Confiado. Lleno de esperanza. Quiero aprender a sentirme pequeño porque eso me hace más fácil para otros. Abre la puerta de mi alma. Me decía una persona: «Cuando de alguna forma descubres cómo eres, te ves realmente cómo eres, te sientes tan pequeña y vulnerable que dejas entonces espacio para que otros entren en tu corazón». Desde mi altura pequeña todo es más senillo para los que se acercan. No tengo que demostrar nada. No tengo que defenderme de nadie. No tengo que guardarme. ¡Cuánto bien me hace reírme de mis torpezas y caídas! Reconocer que mi vida es pequeña. Sé que para Dios soy valioso. Es lo más importante. Mi altura del suelo al cielo. Es la que cuenta. A los ojos de Dios soy inmenso. Y le conmueve mi dolor. Sufre con mis sufrimientos. Más aún cuando yo sufro sin razón al compararme con otros. Al querer ser más que otros. Más alto. Tratando de demostrarle al mundo entero cuánto sentido tiene mi vida. Qué importante es la misión que me han confiado. Cuánto logro hacer con mis propias manos y talentos. Me confundo al pensar así. Es mi pequeñez la semilla de todo crecimiento. Mi sí pequeño y frágil. Mi vida herida, caída. Desde ahí Dios construye una gran catedral. Desde la piedra pequeña y llena de defectos.
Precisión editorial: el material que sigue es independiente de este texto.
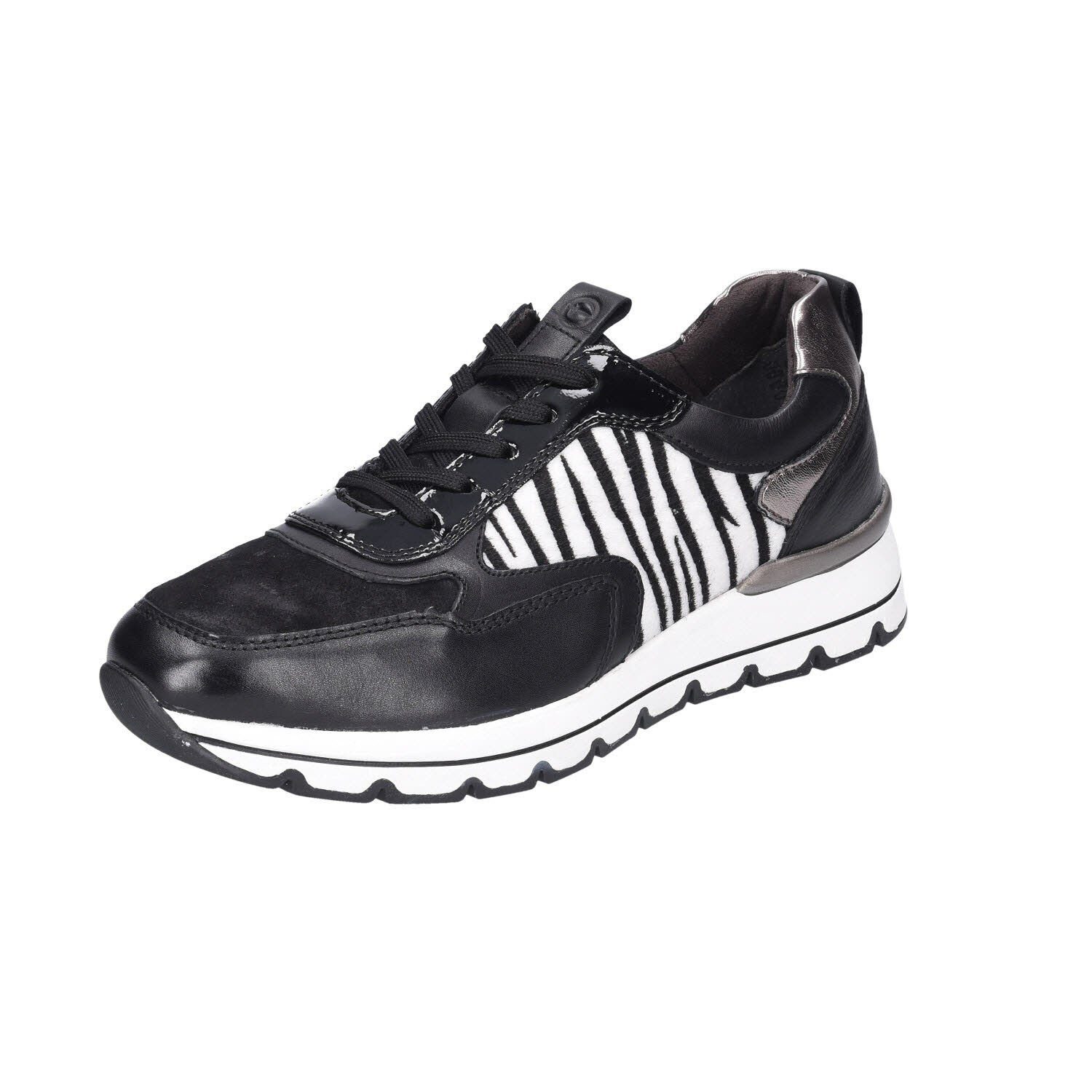 Tamaris Schnürschuh BLACK/WHITE ZEBRA | Schnürschuhe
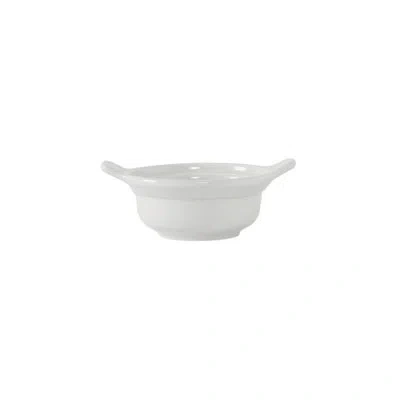 Tuxton Round Linx Casserole With Lug Handles In Porcelain White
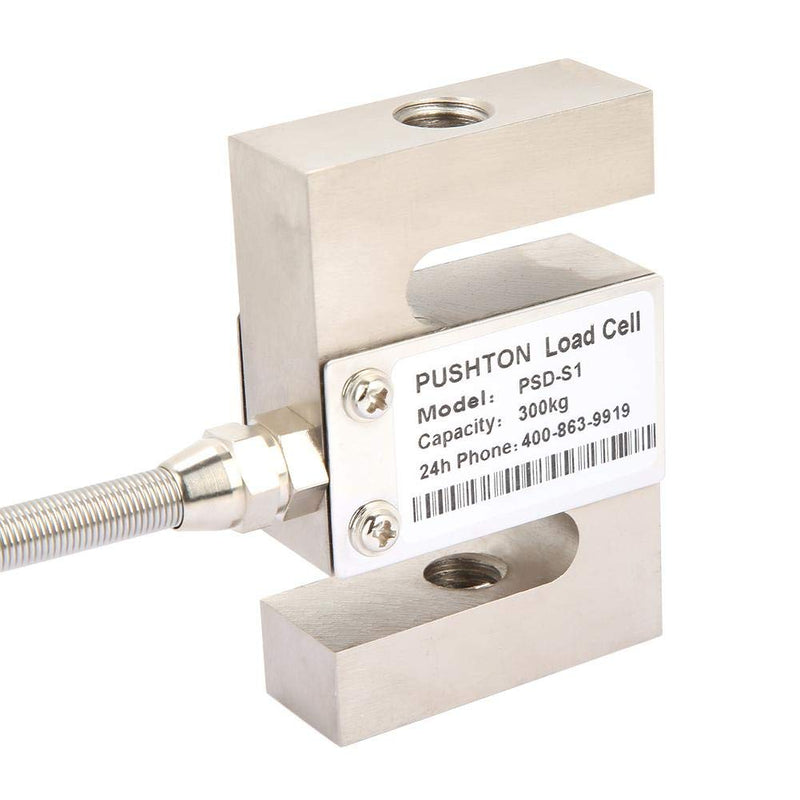 PSD-S1 Weight Sensor S-Type Load Cell Scale Module with Cable for Mixing Station & Batching Machine (300kg Capacity)
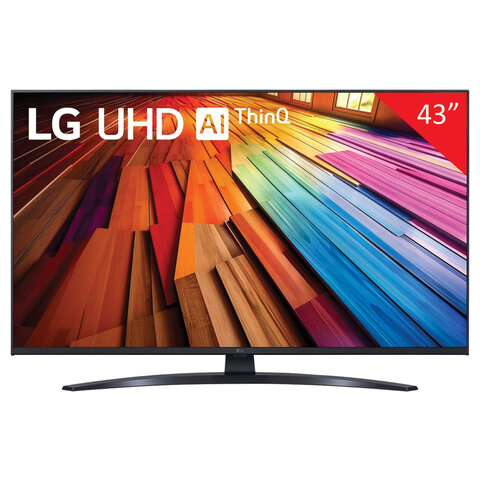Телевизор LG 43UT81006LA, 43" (108 см), 3840 x 2160, 4K, 16:9, SmartTV, Wi-Fi, черный - фото 1
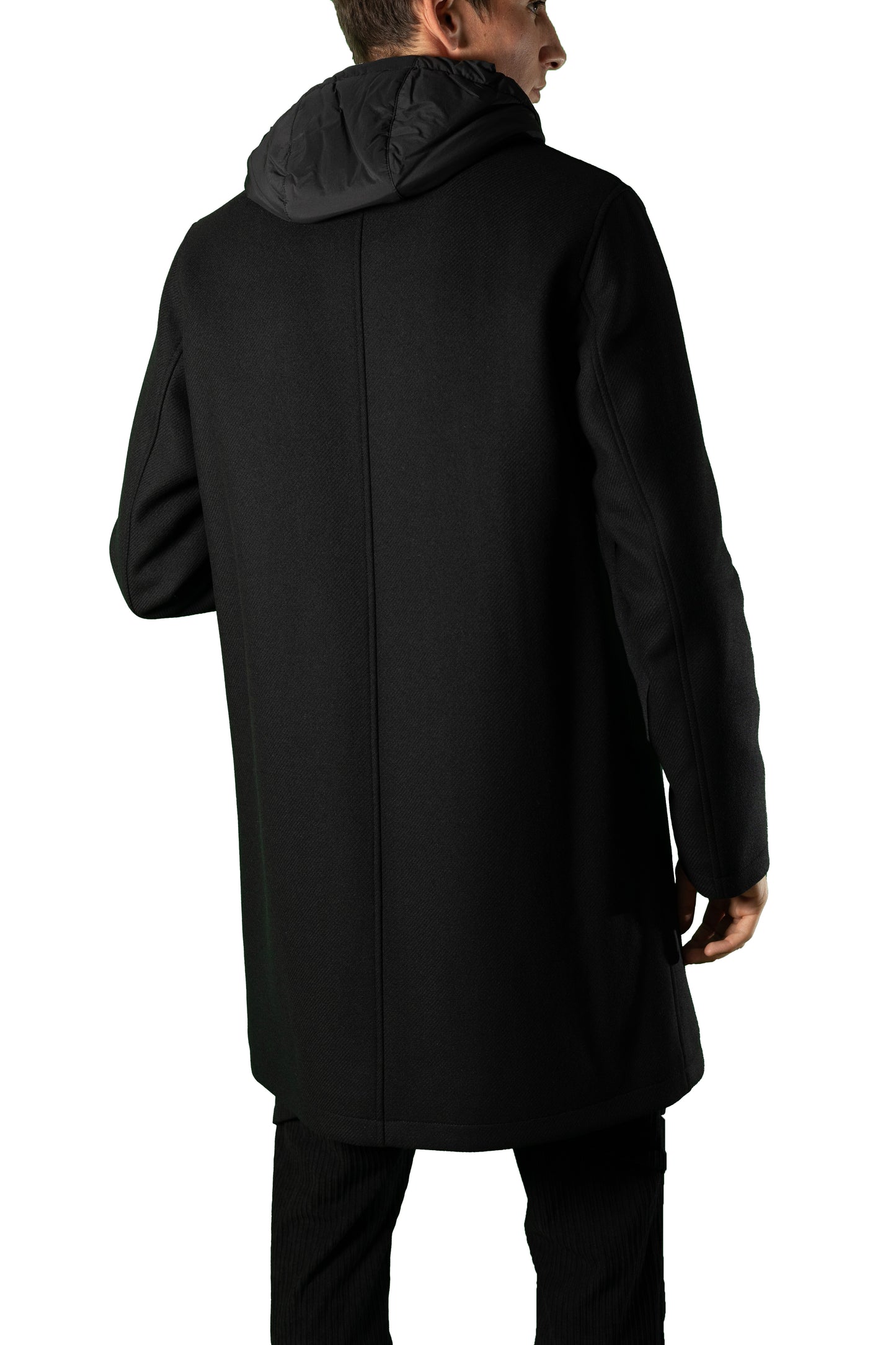 HERNO CAPPOTTO PETTORINA CAPPUCCIO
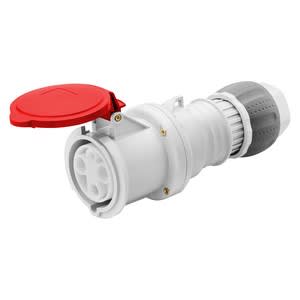 GEWISS - GEWGW63020H PRESA MOBILE DIRITTA HP - IP44/IP54 - 3P+T 63A 380-415V 50/60HZ - ROSSO - 6H - CABLAGGIO A MANTELLO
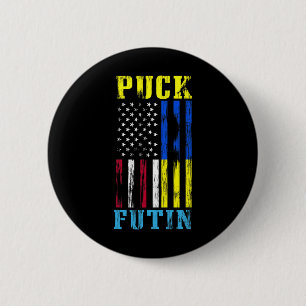 Ukraine Supports End War Promote Peace Ukrainian 2 Inch Round Button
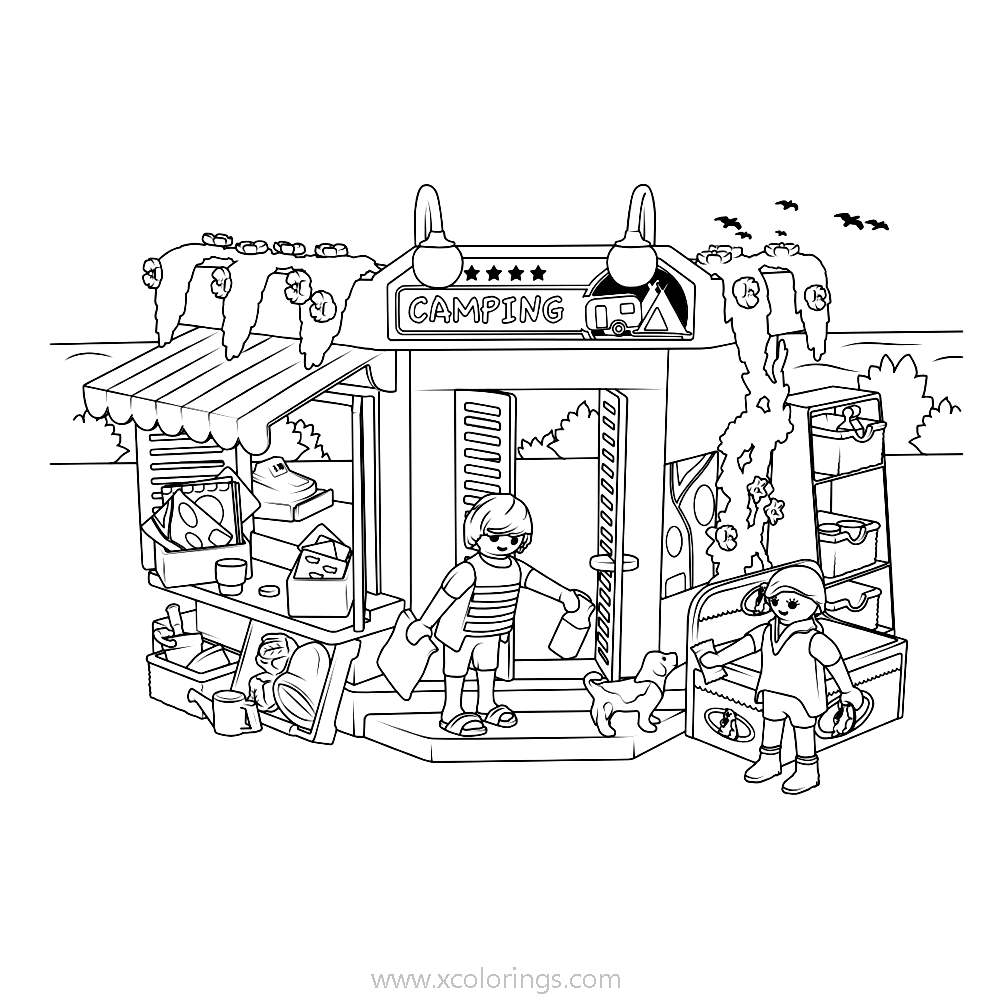 Free Playmobil Coloring Pages Play with Puppy printable
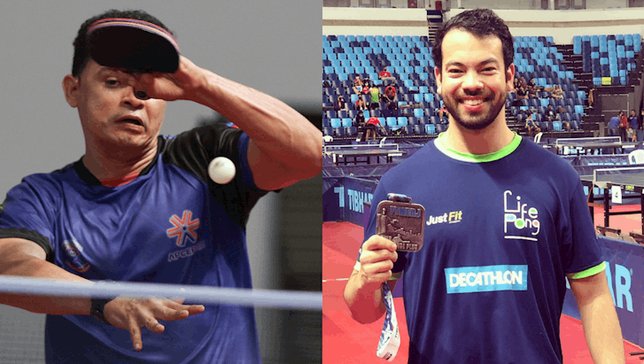 Israel Barreto (esq.) e Henrique Narita (dir.) est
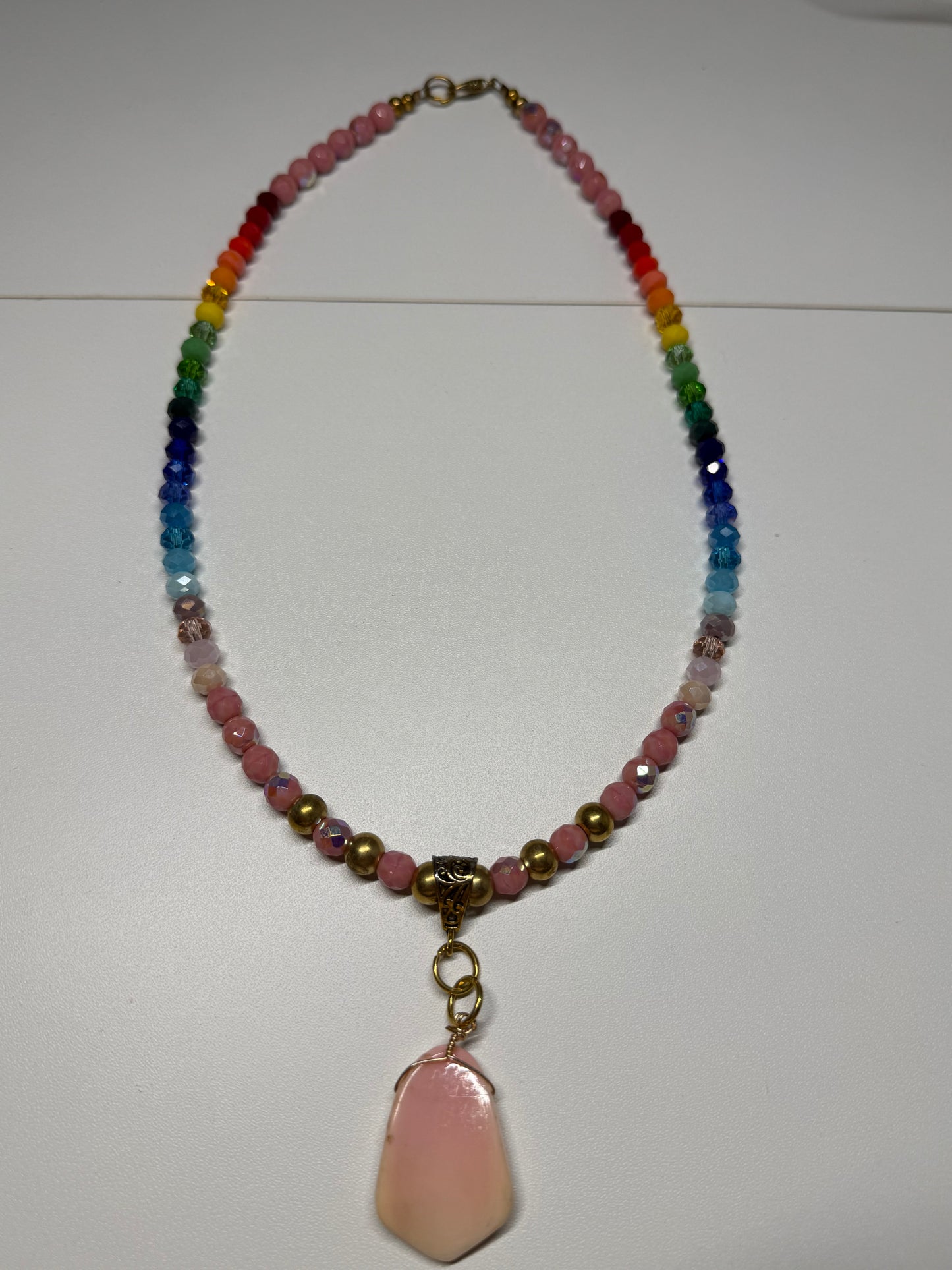 Pink Conch Necklace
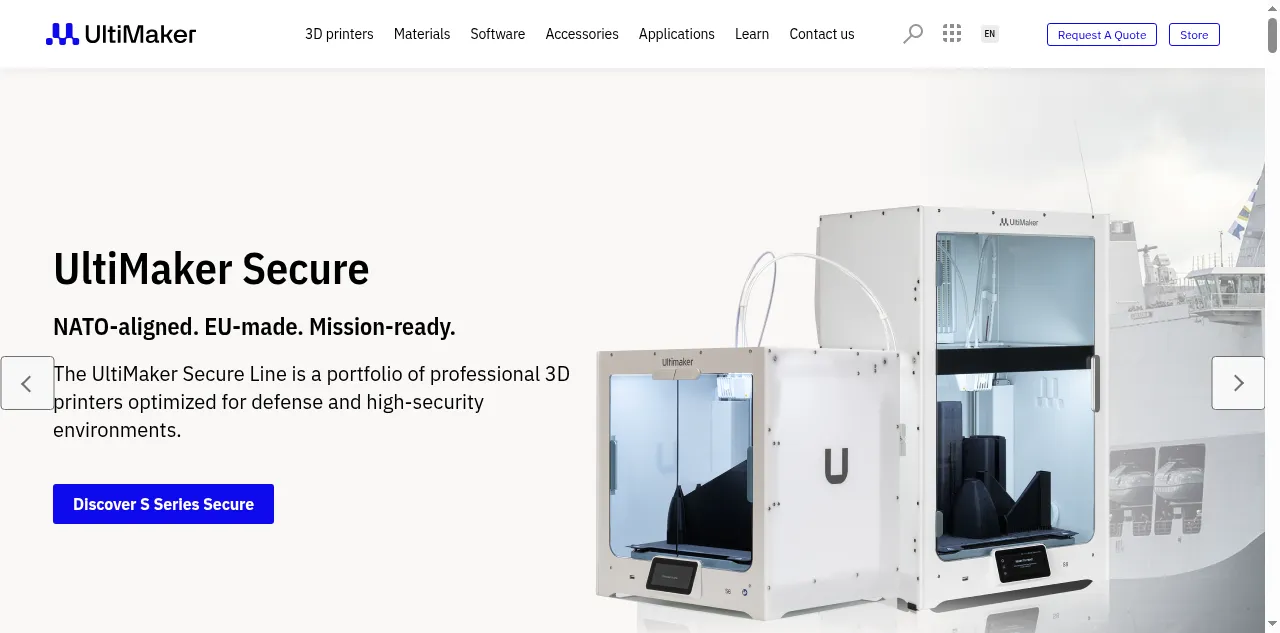 Preview of ultimaker.com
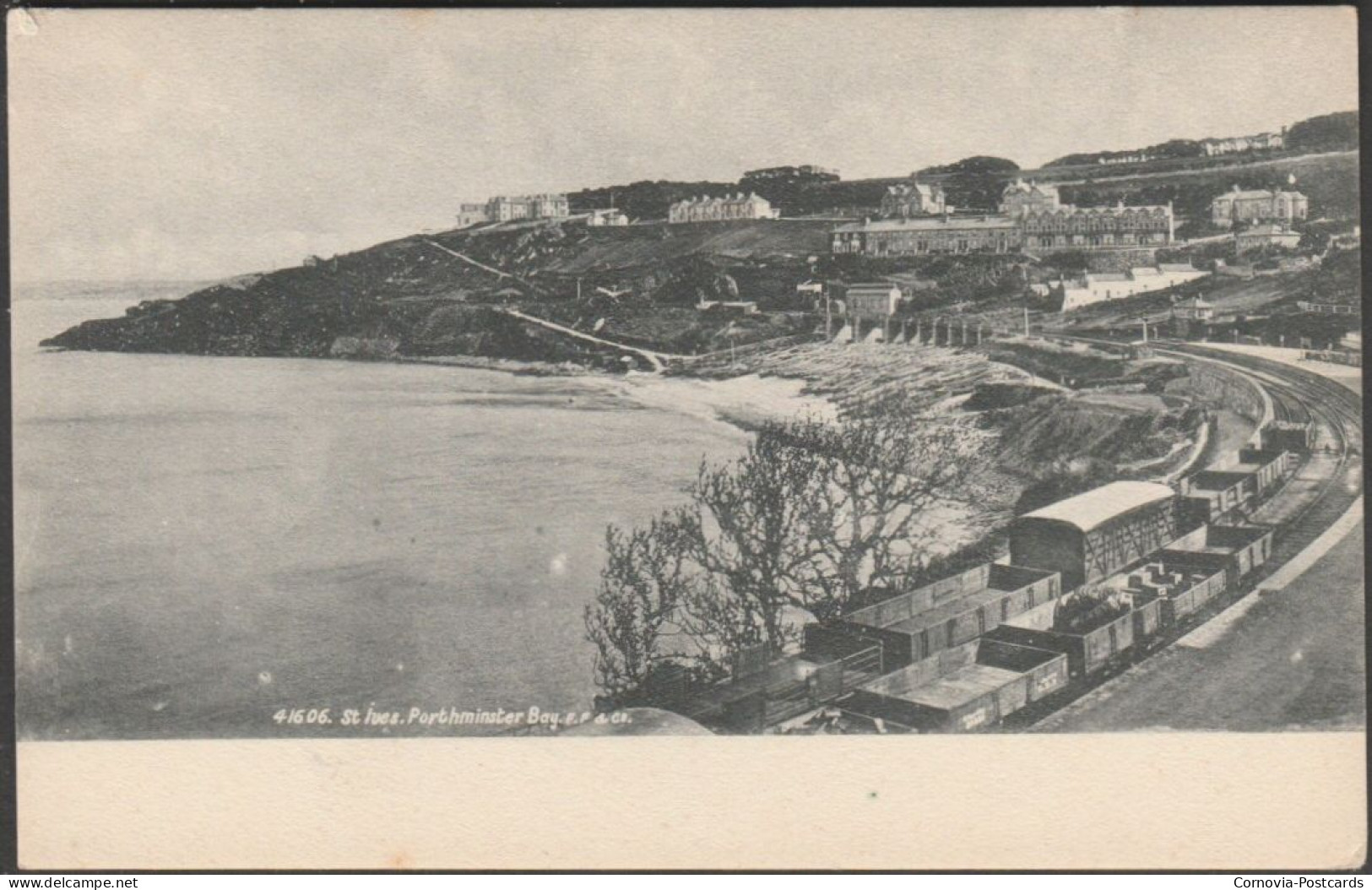 Porthminster Bay, St Ives, Cornwall, C.1902 - Frith's Postcard - St.Ives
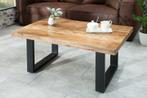 Design salontafel IRON CRAFT 100cm mangohout ijzer, Ophalen of Verzenden, Nieuw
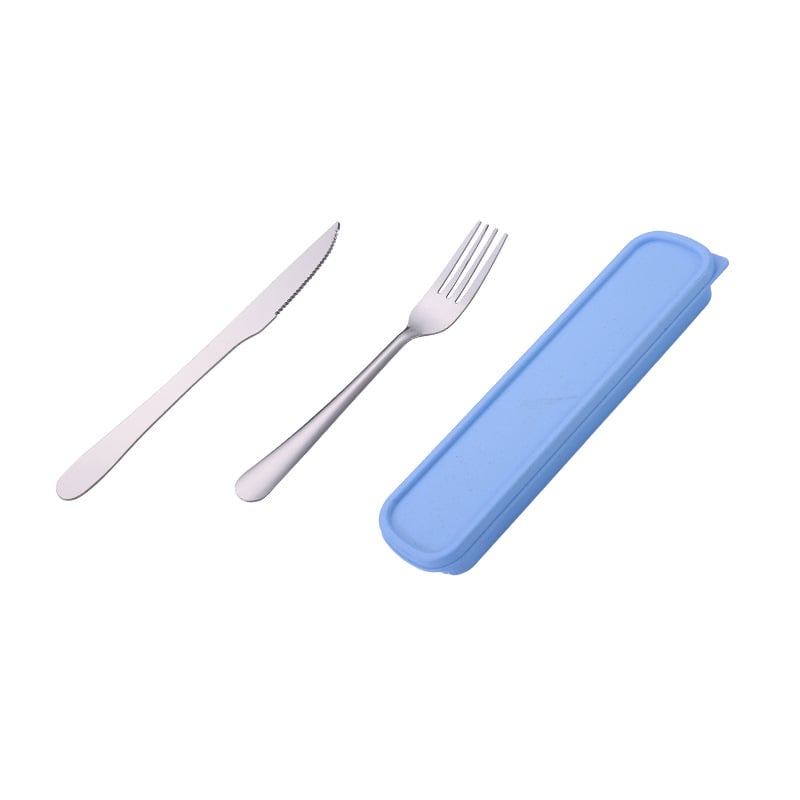 Σετ μαχαιροπίρουνων από ανοξείδωτο ατσάλι σε σκανδιναβικό στυλ, δύο τεμάχια, για δυτική κουζίνα, 410 ανοξείδωτο ατσάλι, φινίρισμα με υδροτζέτ, εκτύπωση λογότυπου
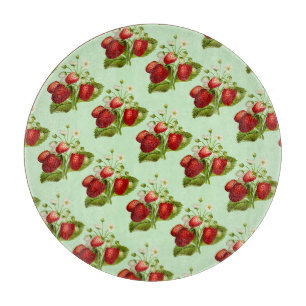 Planche À Découper Cuisine de campagne aux fraises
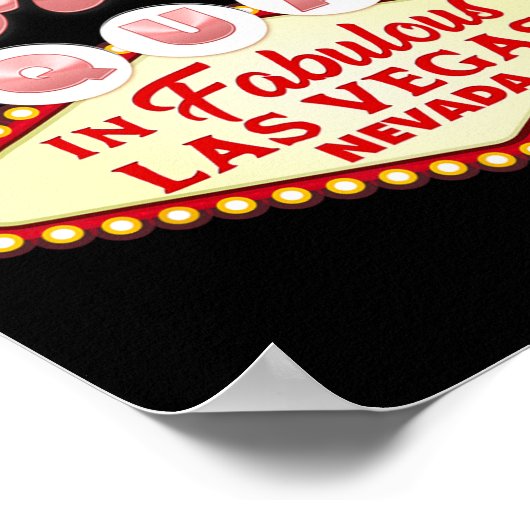 Las Vegas Bride Squad in Vegas Funny Bridesmaid Poster (Ecke)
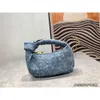 2024 Designer Undera Lady -Tasche Kassettenbeutel gestrickt Bottegs One Sattle Bag Größe BVbag Denim Totes Knot Candy Handheld Teen Schulter Marke Jodie Z31Q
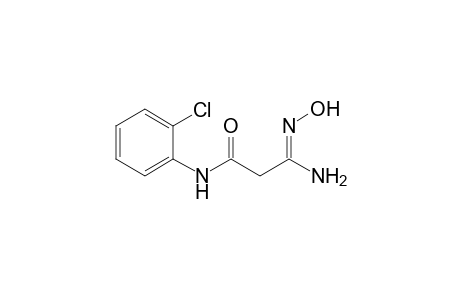 Propanamide, 3-amino-N-(2-chlorophenyl)-3-(hydroxyimino)-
El otro día leía: «Sufrimos cuando nos consideramos un simple individuo que se enfrenta en solitario a sus miedos, defectos y resentimientos y, ante

1 J. Kentenich, La mirada misericordiosa del Padre


todo, a su mortalidad. Creemos, equivocadamente, que nuestro pequeño y limitado ego constituye toda nuestra naturaleza. No nos damos cuenta de que, en alguna parte de nuestro interior, existe un Ser Supremo que disfruta de una paz eterna»2. No estoy solo. En mi interior habita Dios. En lo más pequeño de mi alma. Charles de Foucauld me recuerda quién soy: «Recuerda que eres pequeño». Me sé pequeño. Me da paz saberlo. Pero sé que no estoy solo. Allí donde yo me siento pobre e insignificante está Dios oculto en mí. Él echa raíces en mi alma. Viene a morar conmigo para que no tema nunca por mi poca altura.
Viene a darme fuerzas para que no me frustre, para que no me asuste. Para que no pierda nunca la paz en medio de las luchas.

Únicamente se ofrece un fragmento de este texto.